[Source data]
___

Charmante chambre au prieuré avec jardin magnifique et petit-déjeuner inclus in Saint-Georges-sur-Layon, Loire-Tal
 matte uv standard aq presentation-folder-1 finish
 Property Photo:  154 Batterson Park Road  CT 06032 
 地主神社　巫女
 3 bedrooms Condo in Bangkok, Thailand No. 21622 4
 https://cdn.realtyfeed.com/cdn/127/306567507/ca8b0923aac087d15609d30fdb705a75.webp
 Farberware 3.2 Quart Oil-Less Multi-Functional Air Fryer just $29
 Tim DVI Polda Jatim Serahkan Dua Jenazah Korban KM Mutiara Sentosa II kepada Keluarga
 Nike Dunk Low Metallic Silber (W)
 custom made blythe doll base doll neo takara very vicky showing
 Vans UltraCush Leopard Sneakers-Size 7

___

DIRECTIONS.
Exactly as written, transcribe every line shown above.

SOLVED EXERCISE.
Charmante chambre au prieuré avec jardin magnifique et petit-déjeuner inclus in Saint-Georges-sur-Layon, Loire-Tal
 matte uv standard aq presentation-folder-1 finish
 Property Photo:  154 Batterson Park Road  CT 06032 
 地主神社　巫女
 3 bedrooms Condo in Bangkok, Thailand No. 21622 4
 https://cdn.realtyfeed.com/cdn/127/306567507/ca8b0923aac087d15609d30fdb705a75.webp
 Farberware 3.2 Quart Oil-Less Multi-Functional Air Fryer just $29
 Tim DVI Polda Jatim Serahkan Dua Jenazah Korban KM Mutiara Sentosa II kepada Keluarga
 Nike Dunk Low Metallic Silber (W)
 custom made blythe doll base doll neo takara very vicky showing
 Vans UltraCush Leopard Sneakers-Size 7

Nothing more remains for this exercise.